Coronary artery disease (CAD) and heart failure are important indicators of postoperative complications. Recent cardiovascular events such as myocardial infarction (MI) or unstable angina are associated with significantly increased rates of postoperative morbidity and mortality.4 A recent MI (defined as having occurred within 6 months of planned surgery) is an independent risk factor for perioperative stroke.5 In a retrospective review of more than 150,000 patients over age 65 years, Hammill and colleagues observed a 63% greater risk of operative mortality in patients with heart failure compared with patients without heart failure or CAD.6 In patients scheduled for elective surgery, defined as surgery that can be postponed for as long as 12 months, a thorough assessment of cardiovascular risk can facilitate improved quality of care and shared decision-making.4

Box 2

The 2014 ACC/AHA guidelines provide an algorithmic approach to the preoperative assessment of patients with CAD or equivalent risks.4 Clinicians can use this approach to optimize preoperative management and minimize the risk of adverse patient outcomes.4 Bringing in the cardiology team before elective surgery may be beneficial to patients with moderate to severe valvular disease or pulmonary hypertension, implantable cardiac devices, or known congenital heart disease.

CAD risk estimation

Before elective, nonemergency surgical procedures, patients with established CAD or substantial risk factors for CAD should undergo risk stratification using a validated risk prediction tool (Table 1).3 Clinicians can use results from these tools to aid shared decision-making with patients about the appropriateness of surgery. Risk estimates also may indicate the need for further preoperative workup.

TABLE 1. - Common preoperative assessment and risk screening tools
Tool Type of assessment Resource
RCRI Cardiovascular risk in noncardiac surgery
NSQIP MICA Risk calculator that includes surgical site differentiation
NSQIP Surgical Risk Calculator Risk calculator that uses specific current procedure terminology code (CPT)
Duke Activity Status Index Patient-reported activities for estimate of functional capacity in METs
2014 ACC/AHA guideline on perioperative cardiovascular evaluation and management of patients undergoing noncardiac surgery Decision-making for cardiovascular testing before noncardiac surgery (Figure 1 for risk assessment and Figure 2 for algorithm in patients with recent cardiac stents)
2016 ACC/AHA guideline focused update on duration of dual antiplatelet therapy in patients with coronary artery disease Treatment algorithm for the timing of elective noncardiac surgery in patients with coronary stents (Figure 6 for medication management considerations)
STOP-Bang Screen obstructive sleep apnea in any patient
MELD Risk of postoperative mortality for all types of major surgery in patients with cirrhosis
CTP Estimates severity of cirrhosis
ACS National Surgical Quality Improvement Program Optimal perioperative care of older adults

The Revised Cardiac Risk Index (RCRI) is a validated and widely accepted tool to evaluate the risk for major complications including cardiac arrest, MI, or death.
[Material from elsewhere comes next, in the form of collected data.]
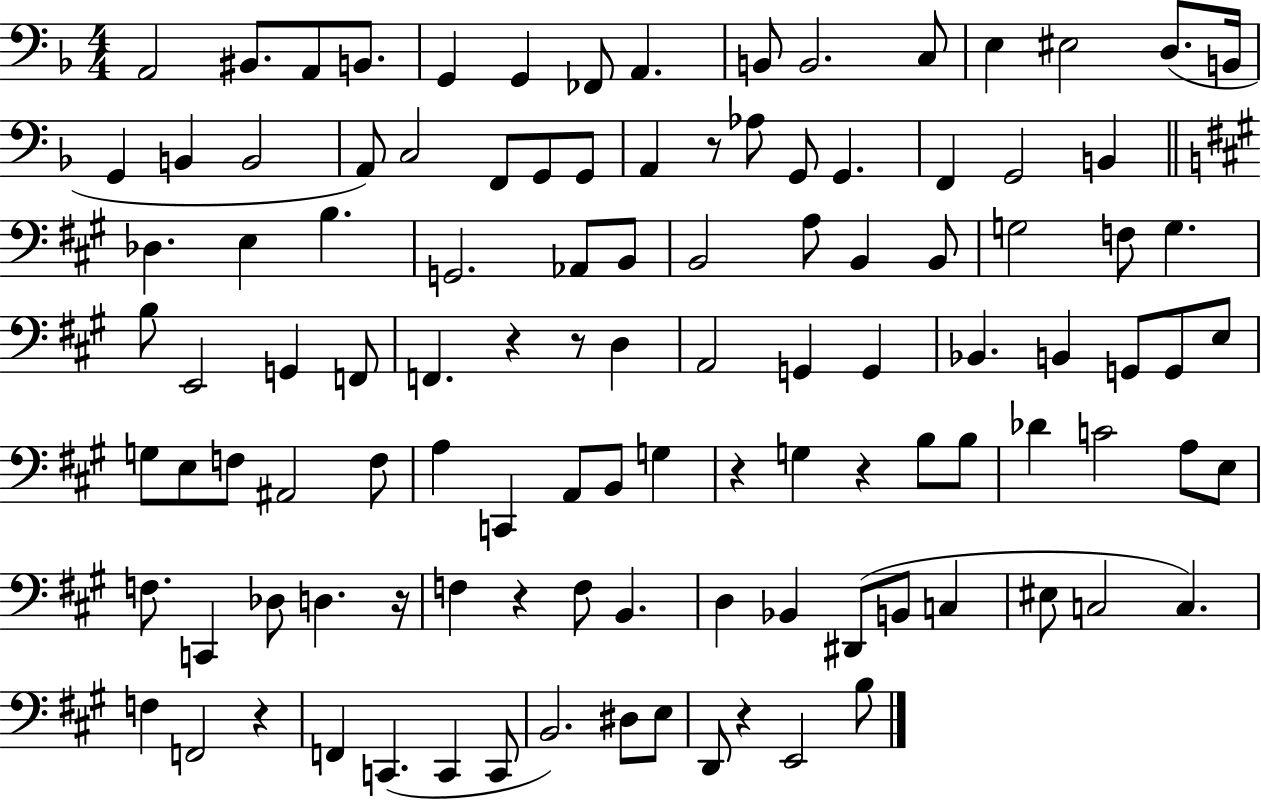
X:1
T:Untitled
M:4/4
L:1/4
K:F
A,,2 ^B,,/2 A,,/2 B,,/2 G,, G,, _F,,/2 A,, B,,/2 B,,2 C,/2 E, ^E,2 D,/2 B,,/4 G,, B,, B,,2 A,,/2 C,2 F,,/2 G,,/2 G,,/2 A,, z/2 _A,/2 G,,/2 G,, F,, G,,2 B,, _D, E, B, G,,2 _A,,/2 B,,/2 B,,2 A,/2 B,, B,,/2 G,2 F,/2 G, B,/2 E,,2 G,, F,,/2 F,, z z/2 D, A,,2 G,, G,, _B,, B,, G,,/2 G,,/2 E,/2 G,/2 E,/2 F,/2 ^A,,2 F,/2 A, C,, A,,/2 B,,/2 G, z G, z B,/2 B,/2 _D C2 A,/2 E,/2 F,/2 C,, _D,/2 D, z/4 F, z F,/2 B,, D, _B,, ^D,,/2 B,,/2 C, ^E,/2 C,2 C, F, F,,2 z F,, C,, C,, C,,/2 B,,2 ^D,/2 E,/2 D,,/2 z E,,2 B,/2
The RCRI consists of six predictors of risk; however, only one of those predictors takes into consideration the type of surgical procedure.4 The RCRI does not consider sex, age, smoking history, or hypertension in assessing risk of major cardiac complications.4

Two newer indexes developed by the American College of Surgeons (ACS) are the National Surgical Quality Improvement Program's (NSQIP) Myocardial Infarction or Cardiac Arrest, and the NSQIP Surgical Risk Calculator.7 Both tools are derived from a large multicenter study consisting of more than 1 million surgical procedures.4 The NSQIP tools include the type of procedure when estimating perioperative risk. The ACC/AHA guidelines conclude that these tools may offer the best estimation of surgery-specific risk.4

Patients with a low calculated risk of perioperative adverse reactions (RCRI score less than 2 or NSQIP less than 1%) may proceed to surgery without further cardiac testing.4 Patients with higher risk may benefit from assessment of their functional capacity or exercise tolerance, which is a strong predictor of perioperative adverse reactions.4 Patients with low functional capacity have a higher risk of adverse reactions; those with high capacity often can proceed to surgery without further workup.4

The 2014 ACC/AHA guidelines recommend no additional testing in patients with moderate to excellent functional capacity, which is generally expressed as greater than 4 metabolic equivalents (METs) of activity. An exercise stress test is the most accurate predictor of functional capacity; however, stress testing is not appropriate for all patients. In the absence of a recent exercise stress test, the clinician can have a discussion with the patient about activities of daily living, which can provide an estimate of the patient's functional capacity (Table 2).4,8 Additionally, the Duke Activity Status Index, which takes into account a range of self-reported activities, has been shown to predict death or complications after major elective noncardiac surgery.9

TABLE 2. - Estimated functional capacity based on activities of daily living and corresponding METs8,9
Functional capacity (METs) Activities
Excellent (>10) Mountain biking, running (9-minute mile), soccer (competitive)
Good (7-10) Pushups, cycling 10 mph, walking uphill, jogging
Moderate (4-6) Carrying 15-lb load, brisk walking, climbing stairs, mowing lawn, trimming shrubs
Poor (<4) Vacuuming, sweeping, washing dishes, cooking, light walking

If the patient's functional capacity is poor or difficult to estimate, consider more testing if the results will influence the plan of care.4 Even for a patient with many risk factors, if the planned surgery is low-risk (for example, ophthalmologic surgery, plastic surgery, or hand surgery), the risk of adverse cardiac events is low. These patients do not benefit from additional evaluation; however, major vascular surgery would entail higher risk.4 When additional testing is warranted, clinicians should consider pharmacologic stress testing. If the result is abnormal, the patient should undergo revascularization according to clinical practice guidelines.4 In this case, consider cancelling or delaying elective surgery in consultation with the cardiology care team.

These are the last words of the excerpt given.